Maximising Customer Experience is the buzz expression these days. But less obvious is the benefit to the employee. But benefit they will. By identifying how they can improve their performance, we can not only help them achieve greater success and therefore greater job satisfaction, the resulting increase in customer satisfaction will assist profitability, which in turn translates into better employment conditions and good morale amongst work mates. They’ll be delivering for their employers and pulling their weight in a team. So what is at the heart of what ‘hacking’ or listening-in to calls to and from your organisation meant to achieve? What are we trying to measure?
It’s all about really knowing what your customers are experiencing.

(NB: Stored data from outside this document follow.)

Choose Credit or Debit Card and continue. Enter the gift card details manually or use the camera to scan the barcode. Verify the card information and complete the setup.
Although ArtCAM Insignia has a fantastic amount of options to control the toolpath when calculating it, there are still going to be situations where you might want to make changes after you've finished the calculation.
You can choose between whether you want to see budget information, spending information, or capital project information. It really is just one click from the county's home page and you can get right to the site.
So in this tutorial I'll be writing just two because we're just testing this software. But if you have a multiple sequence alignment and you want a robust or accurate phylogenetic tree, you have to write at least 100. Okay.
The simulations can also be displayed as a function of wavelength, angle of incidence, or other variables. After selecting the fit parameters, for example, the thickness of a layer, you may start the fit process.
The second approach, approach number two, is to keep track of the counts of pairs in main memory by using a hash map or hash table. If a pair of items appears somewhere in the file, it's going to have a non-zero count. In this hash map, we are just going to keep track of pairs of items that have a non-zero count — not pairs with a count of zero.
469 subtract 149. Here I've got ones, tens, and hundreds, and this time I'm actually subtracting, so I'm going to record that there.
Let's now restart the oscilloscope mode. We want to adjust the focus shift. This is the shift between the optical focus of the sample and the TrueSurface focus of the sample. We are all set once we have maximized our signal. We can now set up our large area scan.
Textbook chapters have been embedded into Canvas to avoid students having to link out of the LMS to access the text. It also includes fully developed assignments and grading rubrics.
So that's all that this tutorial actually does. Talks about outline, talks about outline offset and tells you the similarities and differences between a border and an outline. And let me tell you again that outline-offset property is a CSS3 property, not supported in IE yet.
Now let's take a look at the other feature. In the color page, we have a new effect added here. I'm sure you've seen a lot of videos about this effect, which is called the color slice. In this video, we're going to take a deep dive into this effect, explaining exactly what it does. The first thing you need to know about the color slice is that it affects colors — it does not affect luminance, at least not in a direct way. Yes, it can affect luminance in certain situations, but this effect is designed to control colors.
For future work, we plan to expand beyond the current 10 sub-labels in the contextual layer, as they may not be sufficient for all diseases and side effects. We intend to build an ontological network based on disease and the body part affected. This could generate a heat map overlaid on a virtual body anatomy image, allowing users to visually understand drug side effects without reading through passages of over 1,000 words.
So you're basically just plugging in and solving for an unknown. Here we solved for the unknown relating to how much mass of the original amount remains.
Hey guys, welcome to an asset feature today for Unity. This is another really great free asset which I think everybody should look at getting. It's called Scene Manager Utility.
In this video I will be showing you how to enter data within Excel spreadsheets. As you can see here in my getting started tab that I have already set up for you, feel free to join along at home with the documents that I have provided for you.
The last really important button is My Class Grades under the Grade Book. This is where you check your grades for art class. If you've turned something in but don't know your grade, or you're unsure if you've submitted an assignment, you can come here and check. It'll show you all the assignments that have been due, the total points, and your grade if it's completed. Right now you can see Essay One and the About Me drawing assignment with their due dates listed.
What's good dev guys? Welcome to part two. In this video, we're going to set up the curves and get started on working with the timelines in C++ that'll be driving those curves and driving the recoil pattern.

And it’s about knowing for certain, quantitatively, which of your sales staff are working hardest to find and keep customers. And it’s about understanding, qualitatively, how they’re managing to have more success than their colleagues. It’s also about discovering, for yourself, whether you’re selling what people really want to buy, and what else you might be able to sell them. Gold-dust from the horse’s mouth (excuse mixed metaphors). Of course you have to take care you don’t make a Summer out of each swallow, or knee jerk dealing with bad apples (mixing loads more metaphors). But, to continue the theme, there’s rarely smoke without fire.
These are such important factors for the success of your business, you simply can’t rely on keeping your fingers crossed and hoping that the information is going to find its way into your management. If you don’t ‘hack’ your customer contact staff, you’re relying on faith, hope or wishful thinking. The only way you can really know for certain what’s going on is to experience the way your organisation deals with customers, both reactively (ie in response to an enquiry or complaint), and proactively (making sales calls - whether the customer was previously interested or not). I’ve blogged elsewhere about the growing problem of Call Reluctance, so detecting it and resolving it is vital for all businesses who rely on sales staff making phone calls.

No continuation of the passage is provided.